### [Provided data]
-=-=-=-=-
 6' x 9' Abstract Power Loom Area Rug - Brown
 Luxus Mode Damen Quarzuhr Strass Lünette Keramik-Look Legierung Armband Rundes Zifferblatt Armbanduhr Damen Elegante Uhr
-=-=-=-=-
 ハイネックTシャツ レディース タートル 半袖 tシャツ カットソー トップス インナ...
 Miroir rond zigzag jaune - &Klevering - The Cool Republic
-=-=-=-=-
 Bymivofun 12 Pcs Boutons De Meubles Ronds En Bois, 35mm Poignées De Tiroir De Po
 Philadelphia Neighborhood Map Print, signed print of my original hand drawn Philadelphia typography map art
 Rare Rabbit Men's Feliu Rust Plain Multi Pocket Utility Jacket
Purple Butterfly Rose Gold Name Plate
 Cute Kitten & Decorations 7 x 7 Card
-=-=-=-=-
### [Task prompt]
Please return the lines above that run from the line containing "6' x 9' Abstract Power Loom Area Rug - Brown" to the line containing "Luxus Mode Damen", inclusive, exactly and with no other lines.

### [Solution to this task]
 6' x 9' Abstract Power Loom Area Rug - Brown
 Luxus Mode Damen Quarzuhr Strass Lünette Keramik-Look Legierung Armband Rundes Zifferblatt Armbanduhr Damen Elegante Uhr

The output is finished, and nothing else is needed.